Introduction

So you want to use coral? Congratulations, because it’s super awesome.

Let’s start with an introduction to the main coral modules.

coral modules

coral has 7 modules: analysis, constants, database, design, reaction, seqio, and sequence.

The modules have been split up by function - the activity that a user wants to execute. For example, anything related to accessing scientific databases is in the database module and activities related to designing sequences are in the design module.
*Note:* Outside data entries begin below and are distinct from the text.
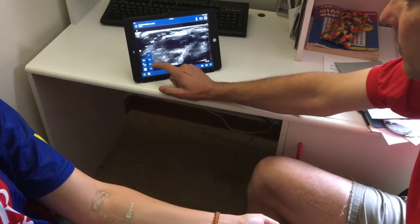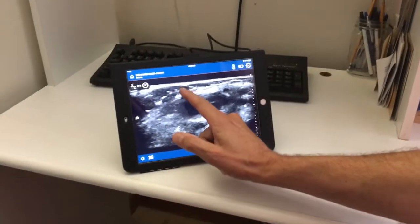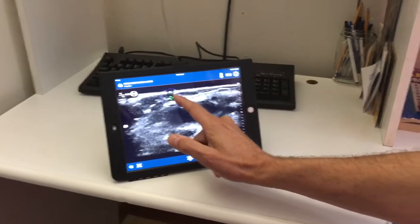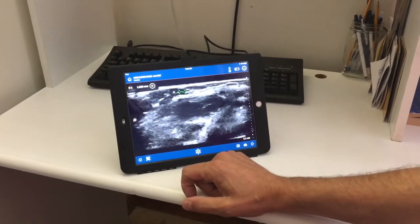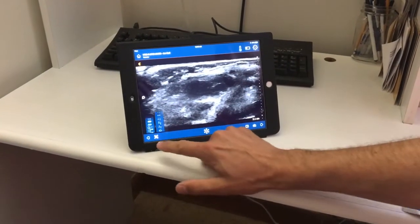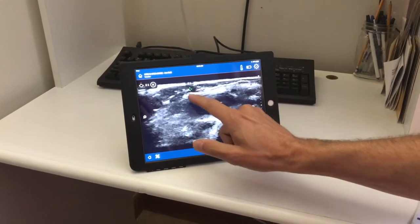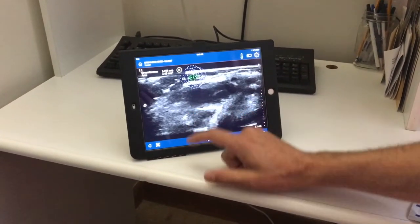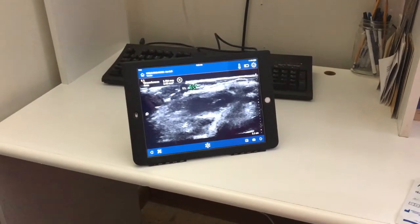We have different measuring tools — we can measure across and do a two-dimensional measurement. This vein is 1.8 millimeters, and we can get rid of that. We can also do a circular measurement that gives us our area of 2.48 square millimeters.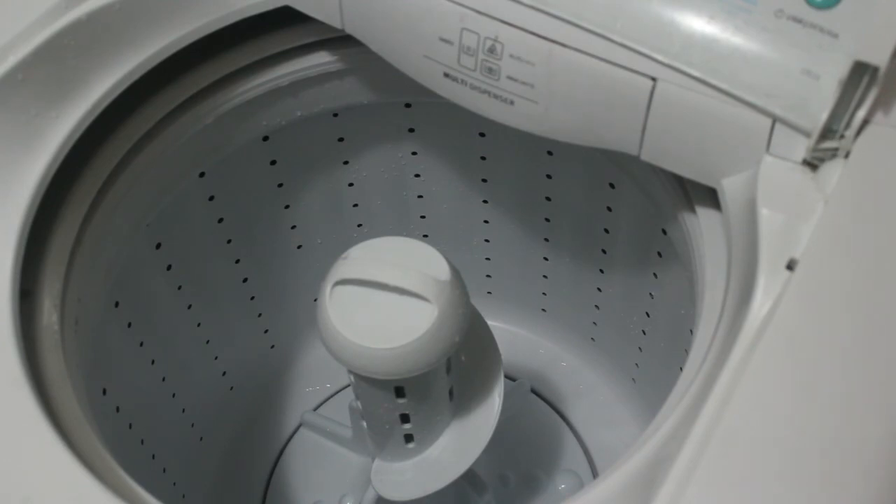My washing machine is now very clean and hygienic. I hope you guys find this video interesting and helpful. Thank you so much — please don't forget to like this video, and always support me by watching, sharing, commenting, and liking my videos. Bye!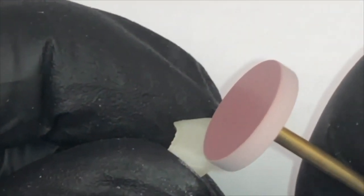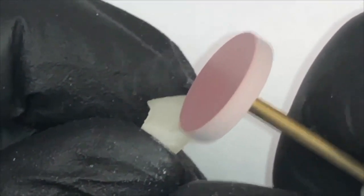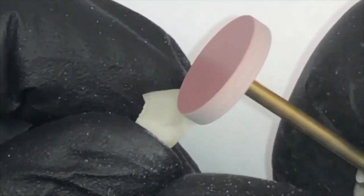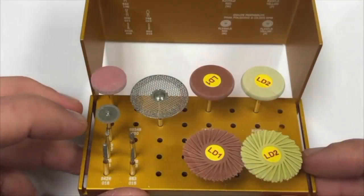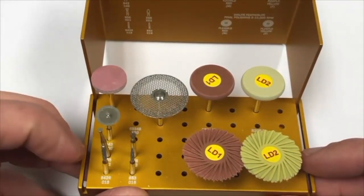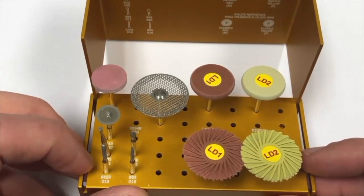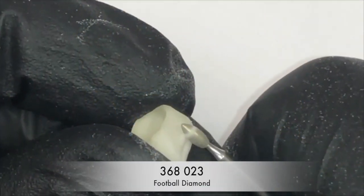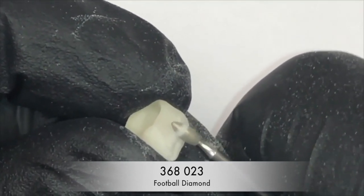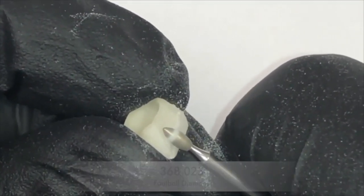It is also very effective to sharpen the lingual aspect of the incisal edge on anterior restorations. The 368023 diamond is very effective at both reshaping occlusal anatomy on posterior restorations and the lingual surface of anterior restorations. Here you can see this diamond reshaping and sharpening the lingual surface of an anterior restoration.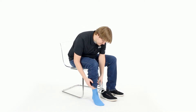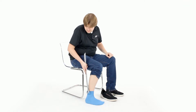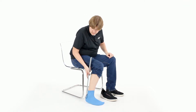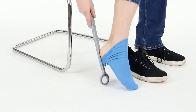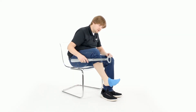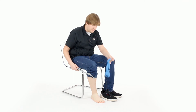To use a sock remover, it's very simple. You'll get the hook, hook down generally at the back, above the heel of your sock, and push down, lift your foot up, get it past your heel, and then from there the sock can be removed very easily.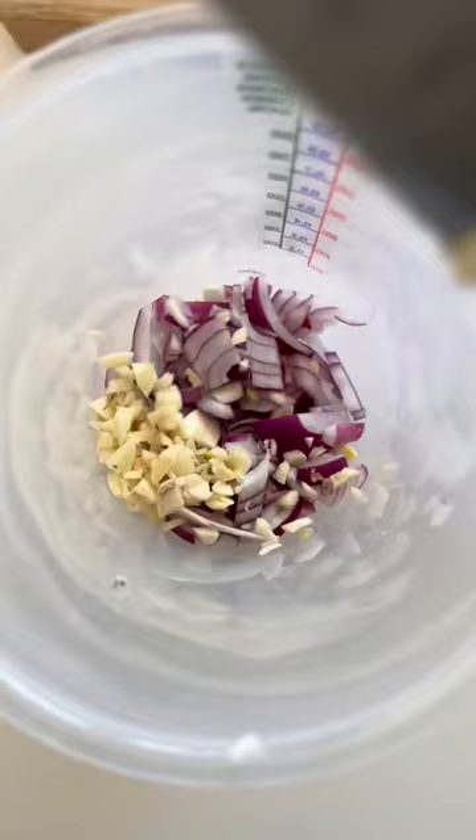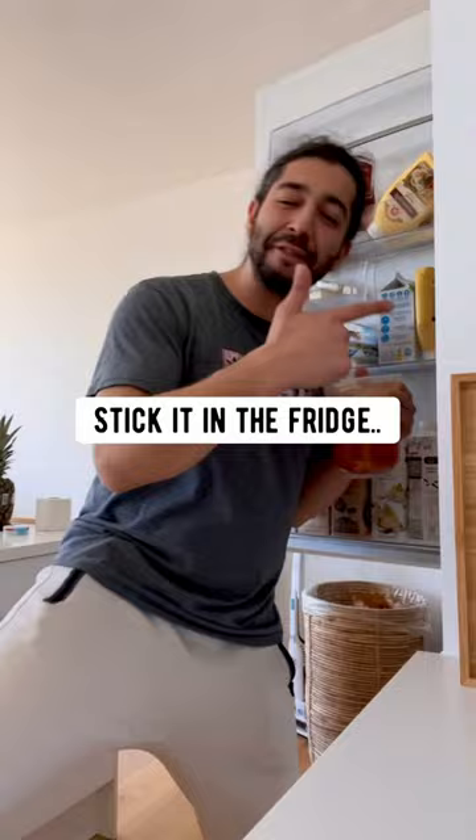Did you know if you grab a red onion, roughly dice it up, put it in some kind of container or bowl, then grab two garlic cloves, dice them up, and add them in. Add one teaspoon of cayenne pepper, fill it up with water, stick it in the fridge, and let it sit there for about 12 hours.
The modules are explicitly organized via their __init__.py files. All this means is that anything available via coral.module.* is usable and hopefully useful. You can explore the functions and classes defined for each module by reading more of the ipython documentation, sphinx autodoc documentation, or interactively investigating modules in the ipython notebook using tab completion and ? documentation. coral follows the PEP 8 style guidelines on class and function names so that you can differentiate between them - classes use CamelCase and functions use lower_case with underscores.

['DNA',
 'Feature',
 'Peptide',
 'Primer',
 'RNA',
 'RestrictionSite',
 '__builtins__',
 '__doc__',
 '__file__',
 '__name__',
 '__package__',
 '__path__',
 '__version__',
 'analysis',
 'constants',
 'database',
 'design',
 'reaction',
 'seqio',
 'sequence',
 'ssDNA',
 'utils']

Top-level

In addition to the core modules, the top-level coral module provides the core data structures used in coral - DNA, RNA, and Peptide (as well as specialized classes like Primer).

DNA: ATGC
Palindrome?: False

RNA: AUGC

Peptide: MLNP

As you can see above, to make DNA, RNA, or Peptide objects you just invoke the correct sequence. command and give it a valid string as an argument. Case does not matter, but precision does - only unambiguous and valid DNA, RNA, or Peptide sequences are allowed. The sequence module also contains special cases of DNA objects (Primer, RestrictionSite, Feature), which are covered in detail later. You can treat DNA, RNA, and Peptide objects much like strings or lists in python, so addition, multiplication, slicing, and container logic are all defined.

analysis

The analysis module is focused on providing functions and classes for analyzing DNA, RNA, and Peptides, focusing on information inherent to the sequence (palindromes, repeats, melting temperatures), structural information (Vienna RNA and NUPACK classes), and sequencing (Sanger sequencing analysis).

48.03216557174494

constants

The constants module contains data - information that doesn’t change (i.e. is constant). This includes alphabets (sets of characters) that define DNA, RNA, and peptides and other standards, such as the genbank feature table.

database

The database module is for accessing scientific databases. It currently has limited functionality, talking only to the Rebase database of restriction enzymes.

design

The design module holds classes and functions for the design of new constructs. The two most important functions are design_primer and gibson. The former designs primers for a given input sequence while the latter designs Gibson primers for a whole series of input fragments.

reaction

The reaction module simulates reactions relevant to cloning and basic molecular genetics, including transcription, reverse transcription, translation, exonuclease activity, extracting coding sequences, digesting with restriction endonucleases, pcr, and Gibson assembly.

seqio

The seqio module is for sequence input/output - reading and writing sequences. The module currently supports reading in individual sequences (fasta or genbank) using read_dna, reading in all the .ab1, .abi, and .seq files in a directory using read_sequencing, and writing DNA objects to file (fasta or genbank).